* REQUIREMENT *
Set down each record exactly. Omit the pictures.

━━━ EXTRACTED MATERIAL

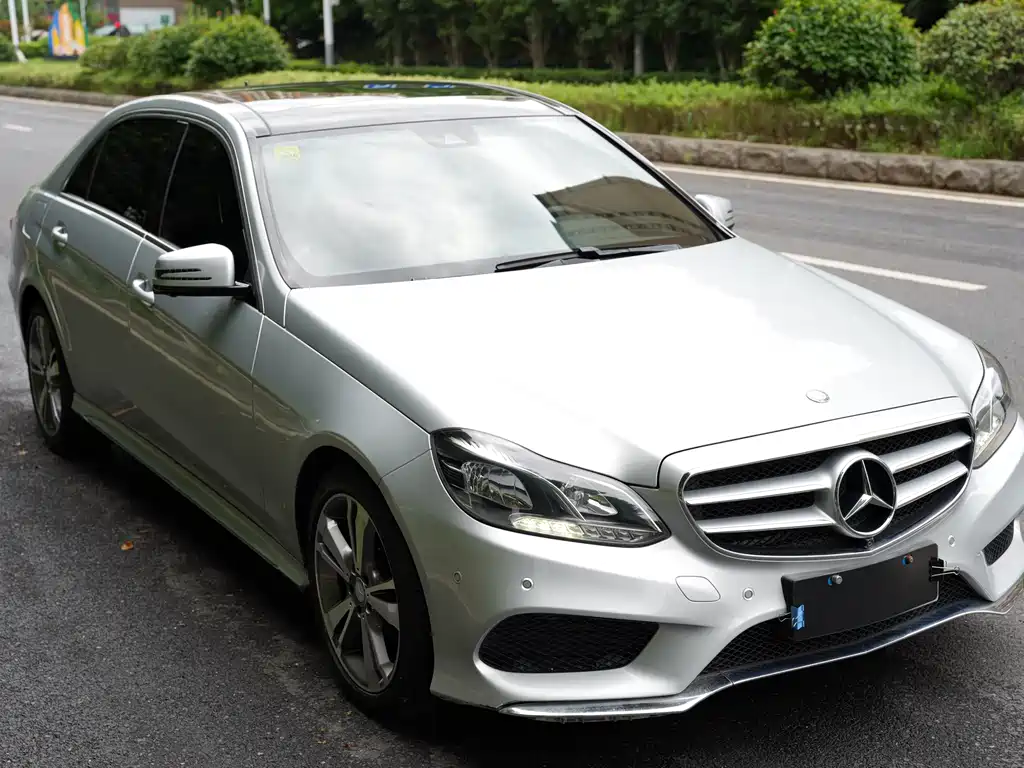 Mercedes-Benz E-Class 2014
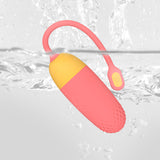 Magic Vini Love Egg App-Controlled Bullet Vibrator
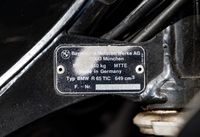 1987 BMW R65 TIC (photo 2)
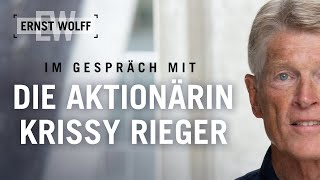 Deutschland hat große Probleme! - Ernst Wolff im Gespräch mit Krissy Rieger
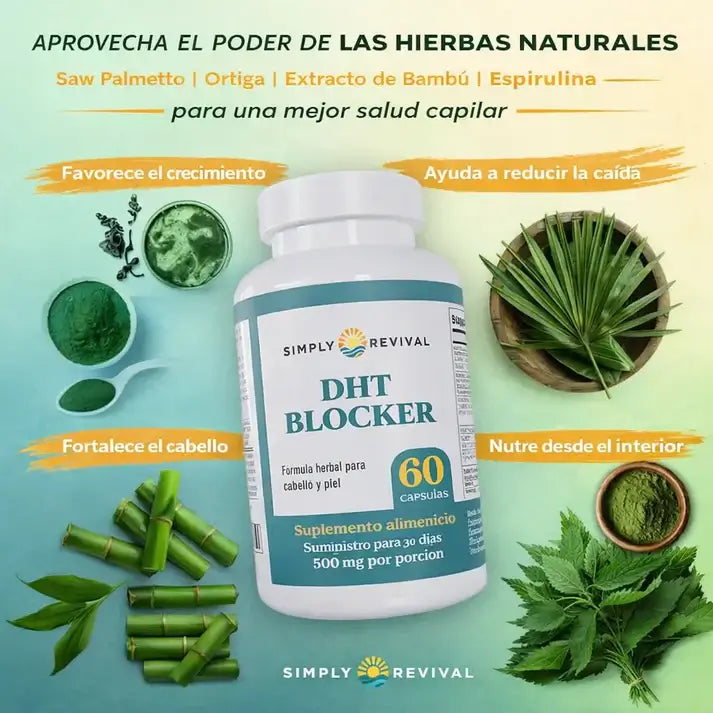 DHT Blocker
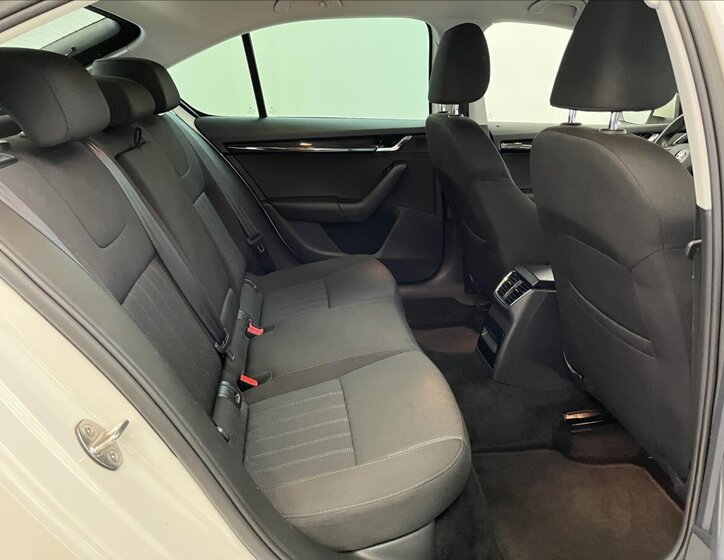 Škoda Octavia Liftback 1,5 l 110 kw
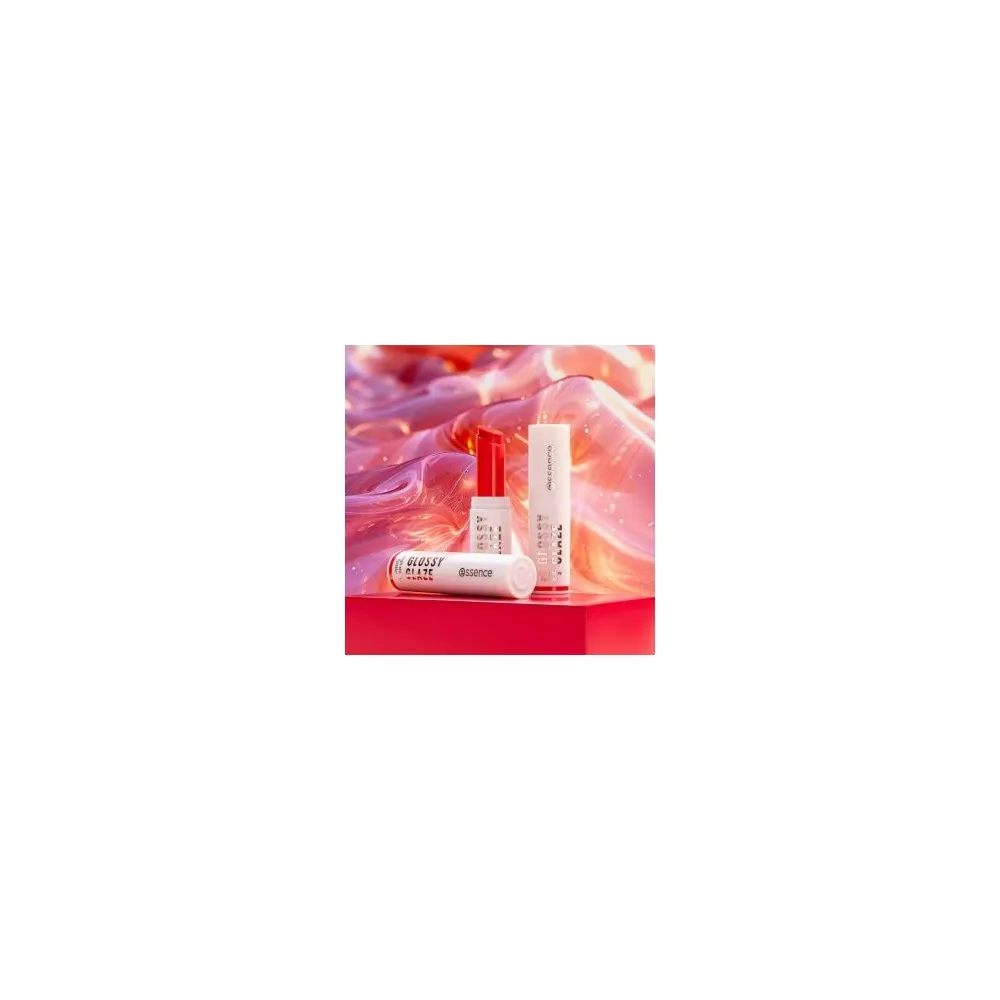 Essence Glossy Glaze أحمر شفاه 04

━━━━━━

* WRITTEN SOLUTION *
 Mercedes-Benz E-Class 2014
 Magic Vini Love Egg App-Controlled Bullet Vibrator
 1987 BMW R65 TIC (photo 2)
 Deutschland hat große Probleme! - Ernst Wolff im Gespräch mit Krissy Rieger
 DHT Blocker
 Škoda Octavia Liftback 1,5 l 110 kw
 Essence Glossy Glaze أحمر شفاه 04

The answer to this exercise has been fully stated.